成年後見については自分がよほど実態を知っているつもりでいました。
ところが、社会の変化がそこまでとは。
介護の社会化と言われ、介護保険制度が制定され、親の介護は嫁の仕事といった世の中の風潮が、
ヘルパーさんの力を借りながら、息子や娘が中心となってあたるのが一般的と、
変わってきました。
その、介護保険制度と一緒にスタートした成年後見制度ですが、
最近でこそ、資産が高額である場合には、後見人を監督する監督人として第三者を選任したり、
後見人自体、第三者を選任することもありますが、
創設当時は、親族が後見人候補者として申し立てれば、親族間に異議がなければ、
基本的にはそのまま選任されていました。
まだまだ、財産の管理等には他人に関わってもらいたくないと家族は思っていますし、
裁判所も、家族で担うのが最善の策であるという認識であると思われます。
ところが、分科会報告では、「生涯未婚率すなわち50才時点での未婚率は、
2010年男性19.1%、女性9.9%。
親と同居する独身中年男性社員が増大し、介護問題が女性だけの問題ではなくなっている。
高齢の親と同居する働き盛りの男性社員が、突然、介護を理由に退職する。
企業にとっても、放っておけない社会問題である。」というものでした。
両親の離婚にあたり、未成年者の親権者を選任する際、
裁判所は、子どもを育てながら、生活を維持していけるのか?子どもの年齢は?
経験の積み重ねにより、到達した判断基準を持っています。
年老いた親を介護する子どもに、成年後見人としての任務を与えることが、
果たして、良い結果となるのかどうか。
職を失い、先の見えない介護に、閉鎖された家庭の中に親子ともに閉じこもることにならないか。

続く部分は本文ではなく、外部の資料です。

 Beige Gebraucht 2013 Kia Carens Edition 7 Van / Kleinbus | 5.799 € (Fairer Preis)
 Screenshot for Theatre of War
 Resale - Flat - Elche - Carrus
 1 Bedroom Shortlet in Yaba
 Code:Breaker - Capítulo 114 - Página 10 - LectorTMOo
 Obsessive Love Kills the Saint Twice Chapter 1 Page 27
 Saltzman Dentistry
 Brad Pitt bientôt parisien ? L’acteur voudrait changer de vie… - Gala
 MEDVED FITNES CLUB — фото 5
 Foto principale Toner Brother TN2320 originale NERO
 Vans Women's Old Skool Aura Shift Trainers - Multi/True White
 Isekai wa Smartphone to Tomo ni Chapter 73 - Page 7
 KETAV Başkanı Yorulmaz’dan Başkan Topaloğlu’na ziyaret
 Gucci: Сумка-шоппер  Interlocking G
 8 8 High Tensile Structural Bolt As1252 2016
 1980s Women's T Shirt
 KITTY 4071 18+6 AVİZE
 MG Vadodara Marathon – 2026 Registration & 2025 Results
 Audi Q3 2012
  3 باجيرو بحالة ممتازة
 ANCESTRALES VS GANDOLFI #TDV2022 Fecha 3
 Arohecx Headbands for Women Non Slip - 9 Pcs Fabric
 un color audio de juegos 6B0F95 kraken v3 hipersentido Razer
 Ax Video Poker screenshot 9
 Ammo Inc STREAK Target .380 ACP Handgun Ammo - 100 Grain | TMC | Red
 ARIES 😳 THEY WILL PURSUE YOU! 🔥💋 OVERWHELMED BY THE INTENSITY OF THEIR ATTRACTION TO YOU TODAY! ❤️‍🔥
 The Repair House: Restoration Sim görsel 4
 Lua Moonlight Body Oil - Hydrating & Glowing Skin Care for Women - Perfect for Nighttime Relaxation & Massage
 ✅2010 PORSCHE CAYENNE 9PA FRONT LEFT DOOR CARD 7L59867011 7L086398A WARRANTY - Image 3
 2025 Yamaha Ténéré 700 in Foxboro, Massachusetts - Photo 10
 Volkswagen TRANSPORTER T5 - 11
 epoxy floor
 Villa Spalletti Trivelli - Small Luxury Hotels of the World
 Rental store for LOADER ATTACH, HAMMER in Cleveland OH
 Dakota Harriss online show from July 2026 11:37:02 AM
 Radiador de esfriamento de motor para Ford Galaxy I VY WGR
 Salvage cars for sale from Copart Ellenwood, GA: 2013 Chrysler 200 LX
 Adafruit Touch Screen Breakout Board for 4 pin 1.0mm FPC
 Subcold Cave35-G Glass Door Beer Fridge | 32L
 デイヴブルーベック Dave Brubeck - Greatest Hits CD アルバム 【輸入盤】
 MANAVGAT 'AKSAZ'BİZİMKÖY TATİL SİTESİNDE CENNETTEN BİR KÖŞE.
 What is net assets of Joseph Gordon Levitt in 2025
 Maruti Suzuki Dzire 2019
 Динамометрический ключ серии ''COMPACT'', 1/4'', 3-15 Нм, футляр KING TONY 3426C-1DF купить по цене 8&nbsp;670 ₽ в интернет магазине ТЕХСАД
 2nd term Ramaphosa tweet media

子は、仕事を続けながら第三者後見人を活用し、あくまでも家族として相談しながら関わることが、
親子双方にとって最善のことかもしれません。
資産の額だけではなく、親族の仕事の継続の可否や収入などを総合的に判断して、
後見人を選任するという視点が必要ではないかと考えています。
親族後見人に就任する方の仕事の継続まで考えて、
相談をお受けしなければならないと考えています。